I don't know what is the secret of success, but the secret of failure is trying to please the world!


----------



## Greenview

Agreed. ADC is the best place for plants in London, and they stock ADA stuff too.


----------



## LondonDragon

Greenview said:
			
		

> Agreed. ADC is the best place for plants in London, and they stock ADA stuff too.


I was buying Tropica plants at ADC even before I knew about UKAPS and what Tropica was! lol guess thats why I always had good results from the start


----------



## tim

my local MA in osterley stocks aquafleur i've always been happy with the quality and price. The manager is pretty helpful and will order plants in for me as long as aquafleur stock them. Friday afternoon best time for weekly delivery.


----------



## Steveyg81

Does anybody know of any good places n the north east? 
I live just outside new castle and im really struggling for anywhere other than online,

Many thanks
Steve


----------



## Ady34

Hi there,
the only place i know of that does any real planted stuff is Paddock Farm Water gardens at Croft, Dalton on Tees. Other than that for plants, any Pets at Home store stock Tropica.
Cheerio,
Ady.


----------



## logi-cat

Aquatic Design in London is amazing. Knowledgeable staff, lots of plants, and very nice display tanks.


----------



## dean

any good shops in NW


----------



## dean

I take it as a No then


----------



## AAB

Any shops anybody would recommend in West Yorkshire?


----------



## eternal optimist

interested in west yorks also if anyone can help?


----------



## Garuf

No. Nothing worth visiting. I visited planted tanks incognito and found it to have mediocre selection of everything and staff with very little knowledge of the hobby, the south Leeds maidenhead aquatics has better quality stock and hardscape materials, paws for thought aren't a plant specialist but the staff are very friendly and the fish selection is excellent.


----------



## sr20det

The Water Zoo in Peterbourough is impressive for fish selection.

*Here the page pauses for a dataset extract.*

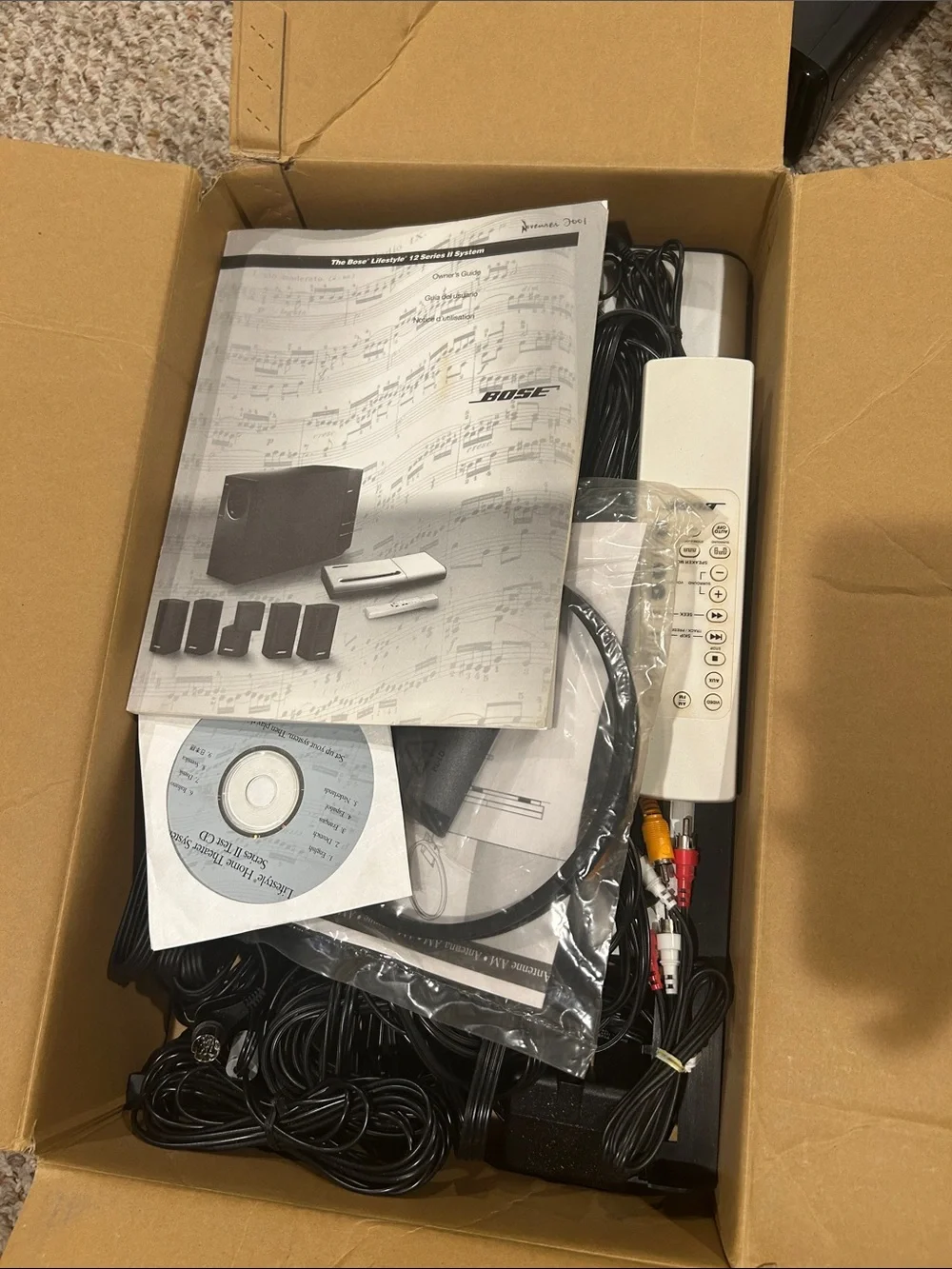Sony Blue Portable DVD Player Box with Remote Graphics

Maidenhead Aquatics in Peterborough, thought a small shop, had large selection of shrimp, and the centre tank was amazing.

http://ukaps.org/forum/viewtopic.php?f=21&t=21851


----------



## leemonk

Following a visit last week to Living Waters in Croydon, I too would like to recomend these chaps.

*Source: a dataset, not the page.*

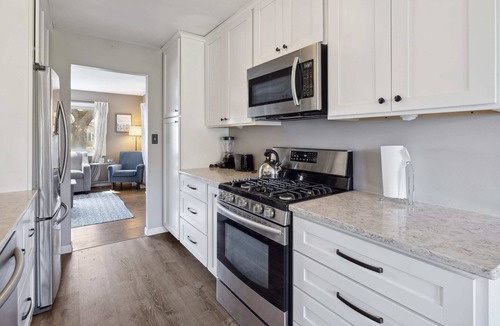 Georgetown House | Minutes to Notre Dame! - The Light on Brighton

Proper "Spit and sawdust", so don't expect wonderfully clean and shiney framed tanks with tiled flooring and nice lighting etc. It's tanks, tanks and more tanks. I'd say that around 75% are planted up and a large %'age of those too are mosses......

Really worth a visit if you want to see some nicely planted tanks.

Also, worth mentioning, many of their tanks are low-tech. No CO2 and no ferts. In fact, if I recall correctly, only two of their main growing tanks were CO2 injected.

Regards

Lee


----------



## mi casa

HI all i went to planted tanks.com they have a small shop in selby south yorkshire no fish but all plants it is a small shop but every thing you will need have a look at there web site i got all my dry salts from there as they sell aquarium plant food .com salts at the same price. small but perfect shop.


----------



## Gill

Me, I will be transforming the planted section of our store in the months to come.


----------



## Brian Murphy

I want to set up my own store here in Northern Ireland over the next year but it's going to be hard work getting contacts for stock etc, so if anyone knows people in the know, Im all ears


----------



## jonnysutton11

i stock aquafluer plants @ maidenhead aquatcics @ Bracknell and looking to make the plants better this year and more selection . seen a lot of nice tanks on here and going to be moving one of the tanks around at work and aquascaping it again. best time to come for are plants is thursday on wards as we get ares delivered wednesday afternoon


----------



## Brian Murphy

jonnysutton11 said:


> i stock aquafluer plants @ maidenhead aquatcics @ Bracknell and looking to make the plants better this year and more selection . seen a lot of nice tanks on here and going to be moving one of the tanks around at work and aquascaping it again. best time to come for are plants is thursday on wards as we get ares delivered wednesday afternoon


 
How long do the plants last in your selling tanks, do you supply nutrients and Co2 when they are in there.  Do potted plants last longer than stems in bunches when in these tanks?


----------



## jonnysutton11

Murf said:


> How long do the plants last in your selling tanks, do you supply nutrients and Co2 when they are in there. Do potted plants last longer than stems in bunches when in these tanks?


um some weeks there all gone in a week (sold) but some there can be there for couple of weeks. both the pots and bunches seem to be doing alot better in these new tanks . potted side has massive external filter on it and both got a heater in them to keep the heat up at 25 - 26 . i some times give them some liquid co2 and 20% water changes . potted plants also has a few fish in it some loach, shrimp , rainbows and panchex loach seem to be eating all the snails that come in lol .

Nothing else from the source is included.